String expectedOutput = "Das ist ein Test.\nsoweit scheint das ganze zu? funktionieren.\nNoch ein Test.\n";
Any ideas? Can this be achieved using regexes?
replaceAll("\\s+", " ")
is NOT what I'm looking for. If this regex would preserve exactly 1 newline of the ones existing it would be perfect.

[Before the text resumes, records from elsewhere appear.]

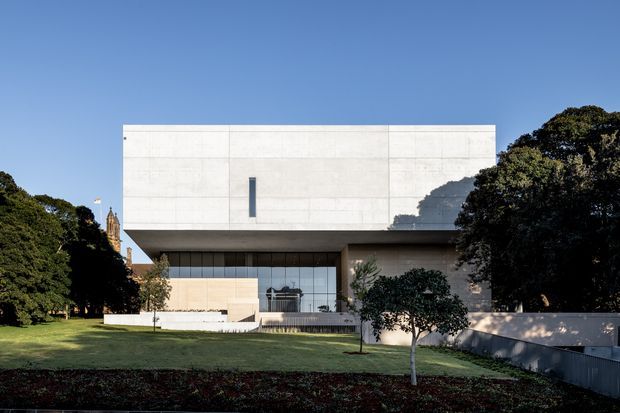A contemporary concrete-clad building photographed from a landscaped lawn, featuring a crisp rectangular upper volume, deep overhang, narrow vertical window, and recessed ground-floor glazing. Mature trees and manicured garden planting frame the minimalist facade.
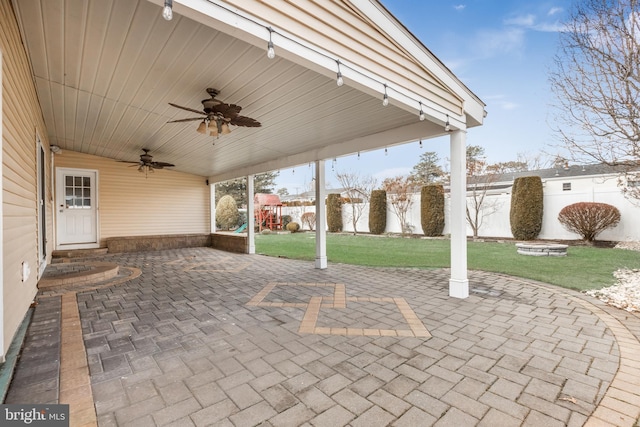 view of patio featuring a playground and ceiling fan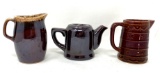 Brown vintage creamers and tea pot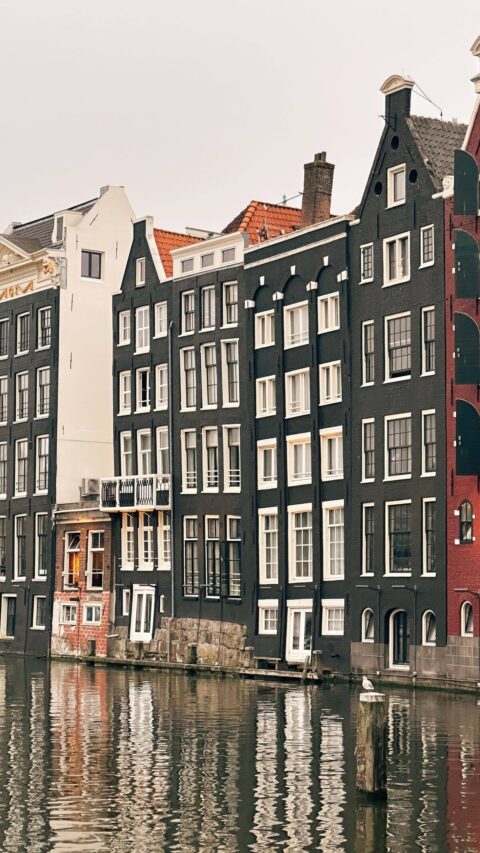 Historiska kanalhus med trappgavlar speglar sig i en kanal i Amsterdam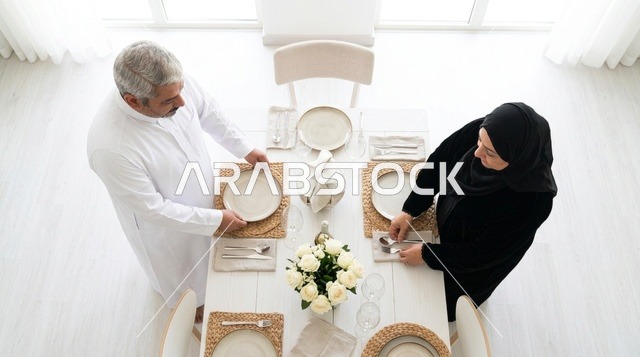 Saudi Couple Setting Dining Table in Modern Home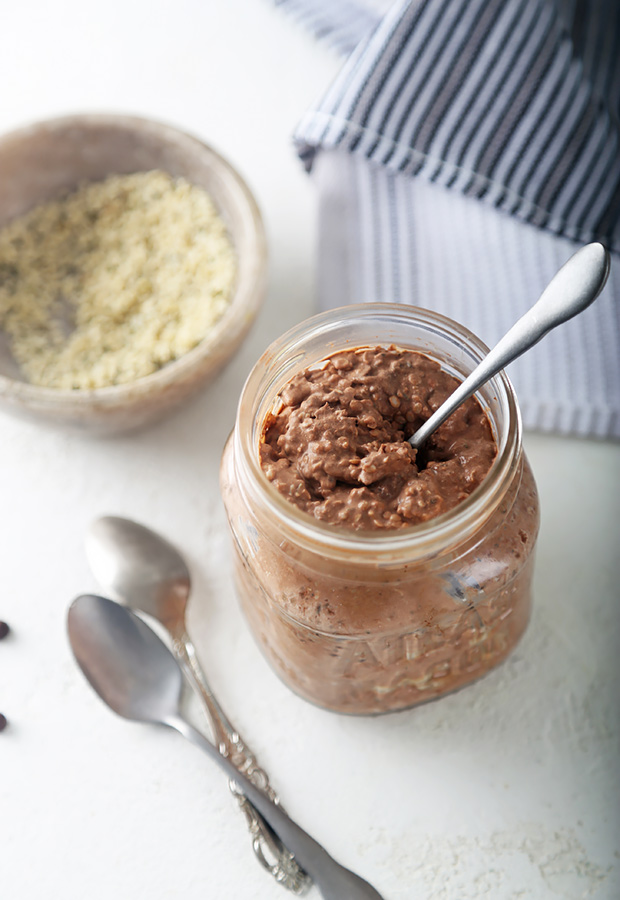 Dark chocolate overnight oatmeal thickened with hemp hearts and chia seeds in a mason jar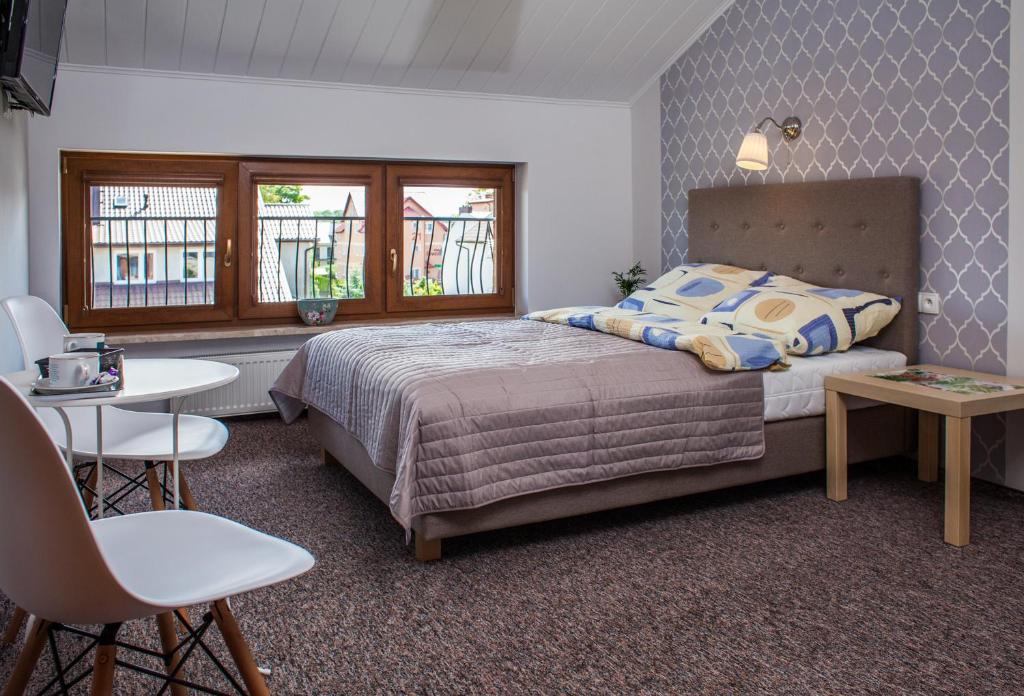 ブワディスワボボにあるAnioł Morskiのベッドルーム1室(ベッド1台、テーブル、椅子付)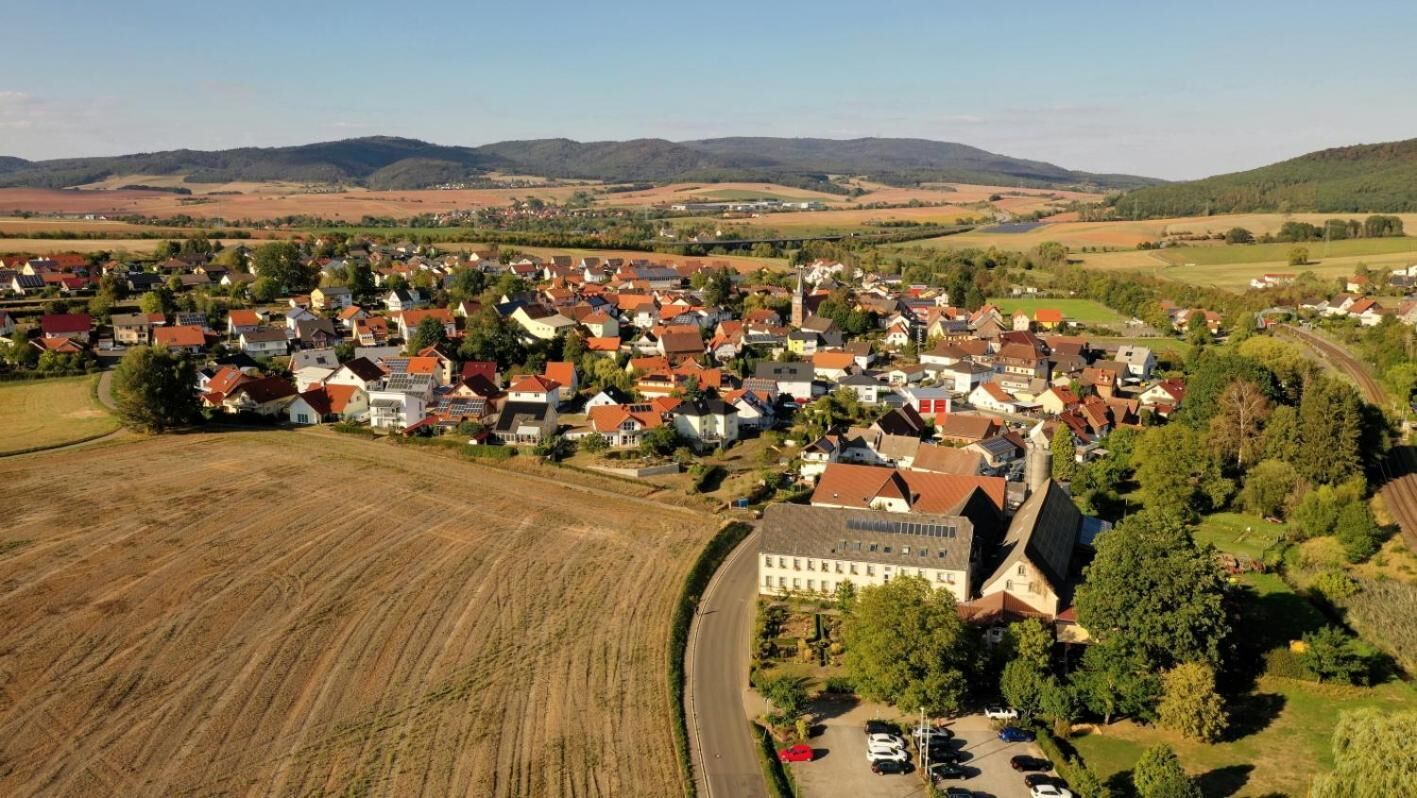 Eine Vogelperspektive einer kleinen Stadt mit einer Mischung aus Wohn- und Geschäftsgebäuden, umgeben von Feldern und Hügeln.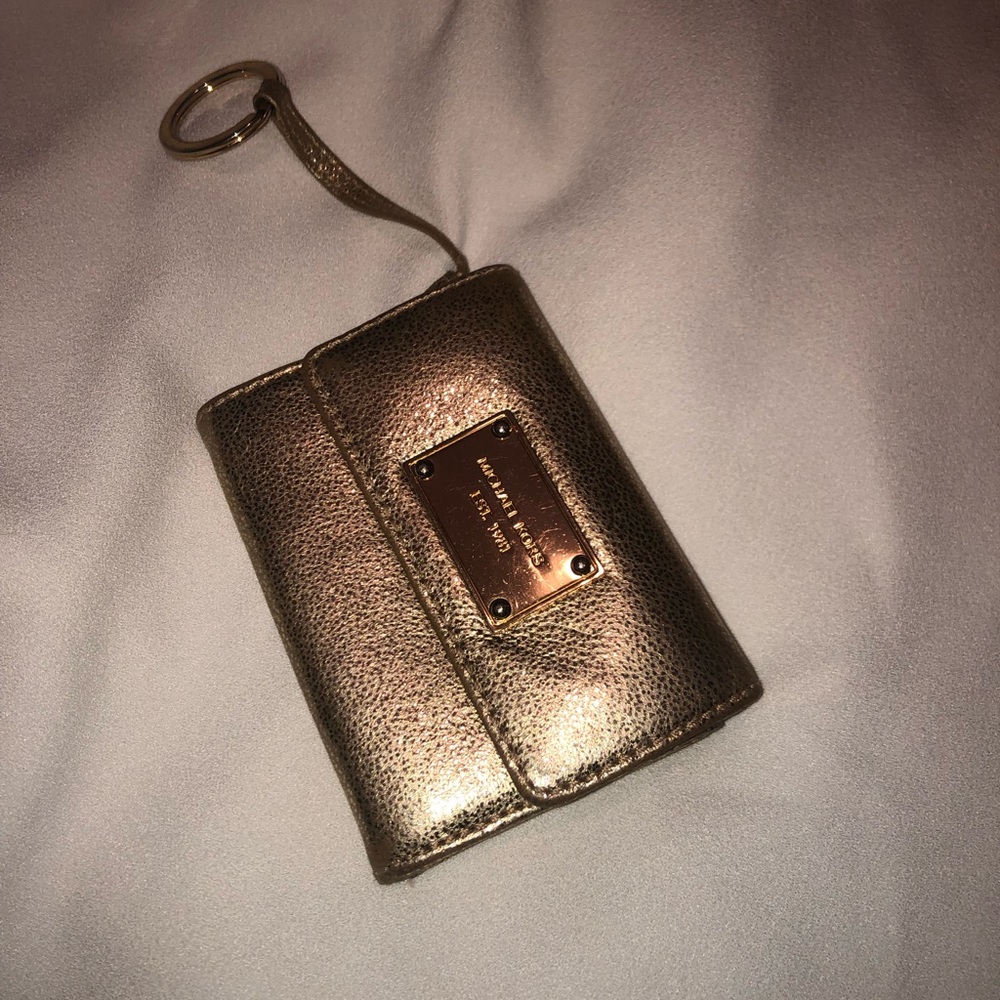 Shimmering gold Micheal Kors wallet
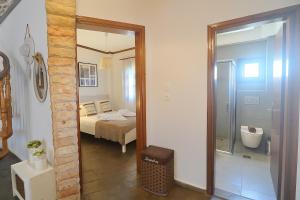 VergiaPalm Nest Villa with private pool in Chalkidiki的一间带床的卧室和一间带镜子的浴室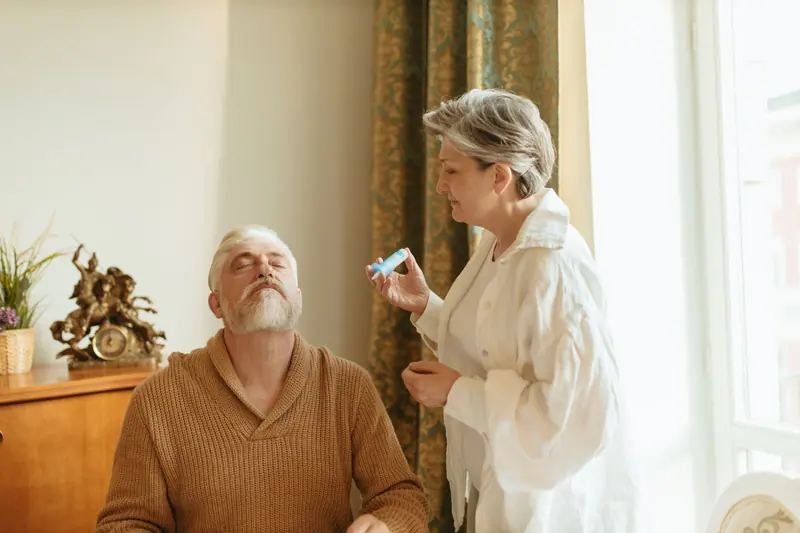 An older woman giving her husband eye drops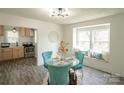 Bright dining area with a glass table, stylish chairs, and window seating located adjacent to the kitchen at 106 S Inman Ave, Bessemer City, NC 28016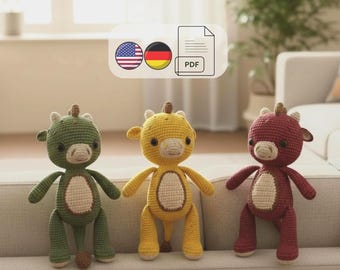 Op de afbeelding: Drie handgemaakte gehaakte koeienpoppen in groen, geel en rood. Elke pop heeft een witte buik, bruine hoorns en een lachend gezicht. De poppen zitten op een grijze bank.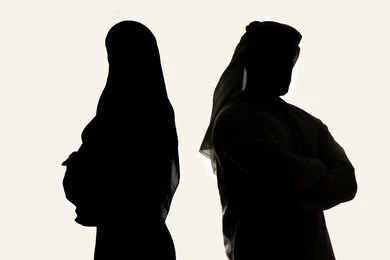 قضاء اوقات ممتعه مع العائله ، الاناقه والاهتمام بالظهر الخارجي ،صورة ظلية لزوجان عربيان خليجيان اماراتي، يقفان بإستقامة ، بإيدي متقاطعة ، ينظران إلى الكاميرا ، خلفية بيضاء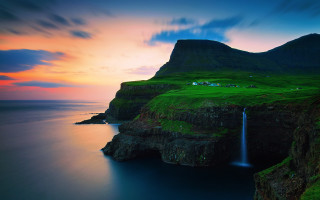 Waterfall cliff house sunset lake - the middle of a body free wallpaper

I have tried this but this seems suboptimal to me...:
BufferedReader bufReader = new BufferedReader(new StringReader(testContent));
String line = null;
StringBuilder newString = new StringBuilder();
while ((line = bufReader.readLine()) != null) {
String temp = line.replaceAll("\\s+", " ");
if (!temp.trim().equals("")) {
newString.append(temp.trim());
newString.append("\n");
}
}
In a single regex (plus a small patch for tabs):
input.replaceAll("^\\s+|\\s+$|\\s*(\n)\\s*|(\\s)\\s*", "$1$2")
.replace("\t"," ");
The regex looks daunting, but in fact decomposes nicely into these parts that are OR-ed together:
^\s+
– match whitespace at the beginning;\s+$
– match whitespace at the end;\s*(\n)\s*
– match whitespace containing a newline, and capture that newline;(\s)\s*
– match whitespace, capturing the first whitespace character.The result will be a match with two capture groups, but only one of the groups may be non-empty at a time. This allows me to replace the match with "$1$2"
, which means "concatenate the two capture groups."
The only remaining problem is that I can't replace a tab with a space using this approach, so I fix that up with a simple non-regex character replacement.